Once the pictures are removed, return each record below exactly as written.

%%

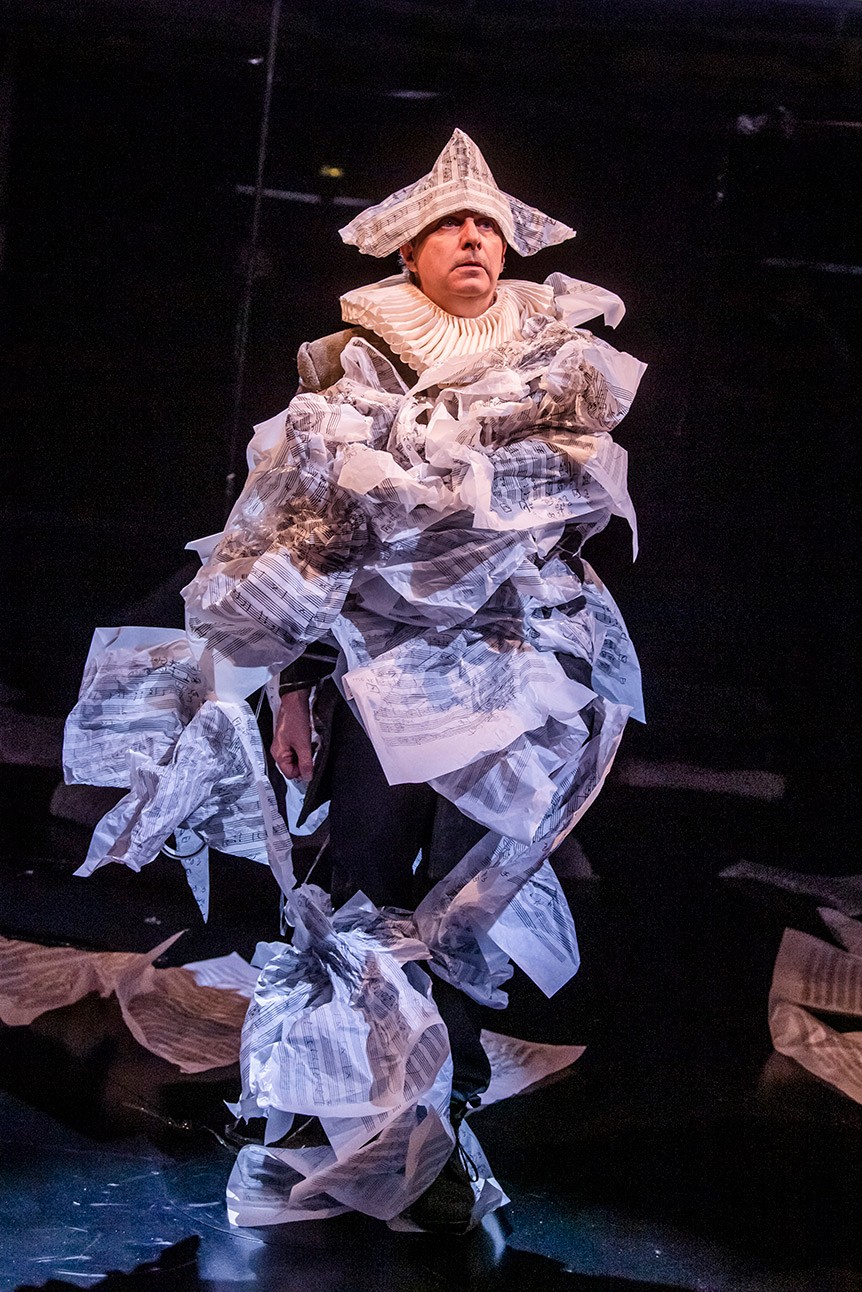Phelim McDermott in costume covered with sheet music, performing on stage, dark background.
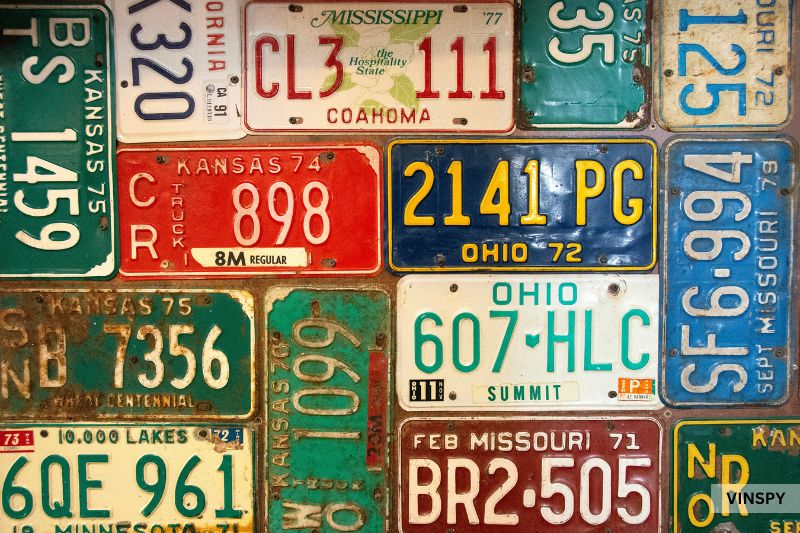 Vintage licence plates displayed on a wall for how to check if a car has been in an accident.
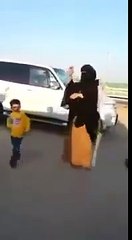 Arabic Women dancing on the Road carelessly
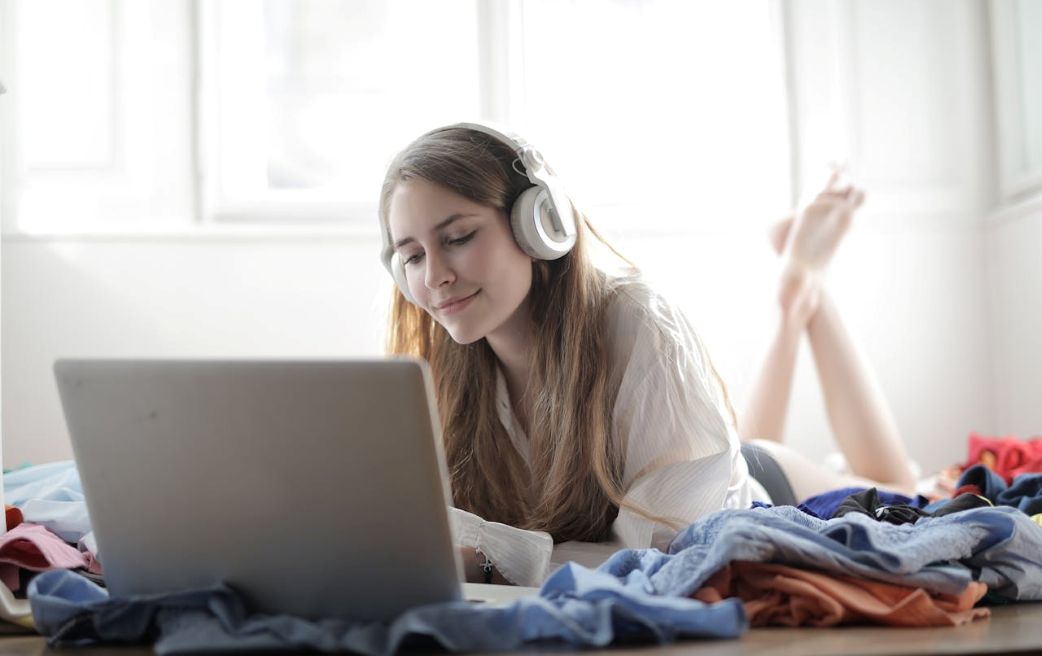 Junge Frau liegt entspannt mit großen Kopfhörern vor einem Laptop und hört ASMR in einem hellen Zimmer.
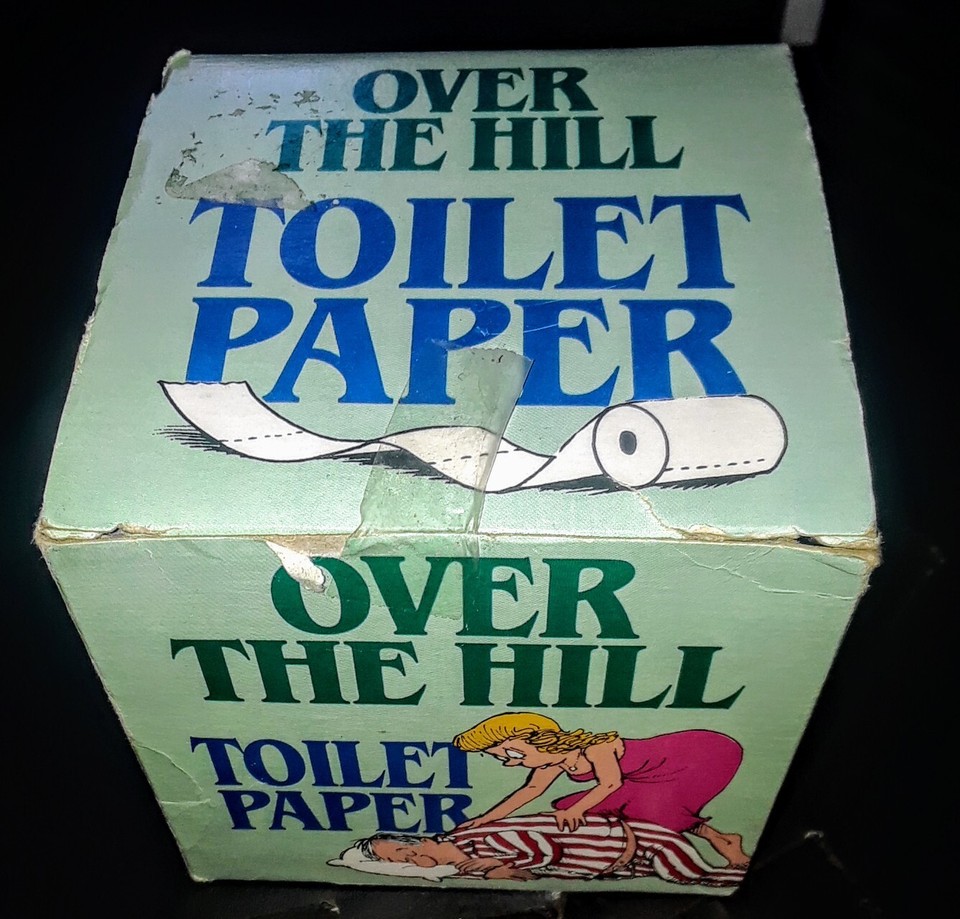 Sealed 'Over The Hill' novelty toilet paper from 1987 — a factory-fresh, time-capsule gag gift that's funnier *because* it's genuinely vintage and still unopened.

%%

Worked solution =
Phelim McDermott in costume covered with sheet music, performing on stage, dark background.
 Vintage licence plates displayed on a wall for how to check if a car has been in an accident.
 Arabic Women dancing on the Road carelessly
 Junge Frau liegt entspannt mit großen Kopfhörern vor einem Laptop und hört ASMR in einem hellen Zimmer.
 Sealed 'Over The Hill' novelty toilet paper from 1987 — a factory-fresh, time-capsule gag gift that's funnier *because* it's genuinely vintage and still unopened.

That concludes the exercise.